All’Europa dell’Est deve gran parte della crescita umana e professionale che anche l’Asia ha saputo regalargli, con un ”di più” in termini di valori «ho toccato con mano l’estrema educazione, il senso civico, la solidarietà e la facilità di socializzare». Termini poco evocati e altrettanto scarsamente applicati alle nostre latitudini dove spesso sono sbiaditi e stropicciati. A questo proposito l’artista cagliaritano racconta un episodio che l’ha segnato positivamente: «A Jakarta mi hanno chiamato per una conferenza in una grande scuola privata di fronte a migliaia di persone tra bambini e insegnanti; dovevo parlare della mia vita, dei viaggi fatti, delle lingue e delle culture apprese, della musica e della realizzazione di quelli che erano i miei sogni. In quel frangente ho avuto la consapevolezza che quanto fatto non era stato inutile. Umanamente è stata la mia soddisfazione più grande».
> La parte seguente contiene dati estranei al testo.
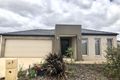 Property photo of 19 Ixora Crescent Manor Lakes VIC 3024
Eppure tutti questi successi non cancellano una patina, leggera, di malinconia per la sua terra legata a circostanze, paesaggi, profumi e sapori che gli ricordano la Sardegna. «Con l’isola ho un rapporto conflittuale; non riuscirò mai a capacitarmi del fatto che abbiamo risorse preziosissime come la natura, la storia, il cibo e la musica, non sfruttate, e che anche per questo versiamo in una continua difficoltà. Non ho rimpianti, preferisco vivere nella consapevolezza di aver commesso degli errori che piangermi addosso per il rammarico di non aver osato abbastanza».

Nell’immediato, le energie sono concentrate sul prossimo ritorno in Estremo Oriente a Taiwan, dopo un breve soggiorno a Cagliari: «Riprenderò a insegnare e mi perfezionerò ancora nel canto per poi esibirmi nuovamente con l’opera di Taipei, benché si faccia una produzione ogni tre o quattro mesi. Intendo fare nuove audizioni come solista e corista a Hong Kong, a Singapore e in Giappone dove punto a stare in pianta stabile. Non trascurerò il lavoro con l’agenzia taiwanese – nella speranza di avere maggiori occasioni per fare pubblicità e cinema – infine intendo aprire un blog nel quale racconterò le esperienze vissute».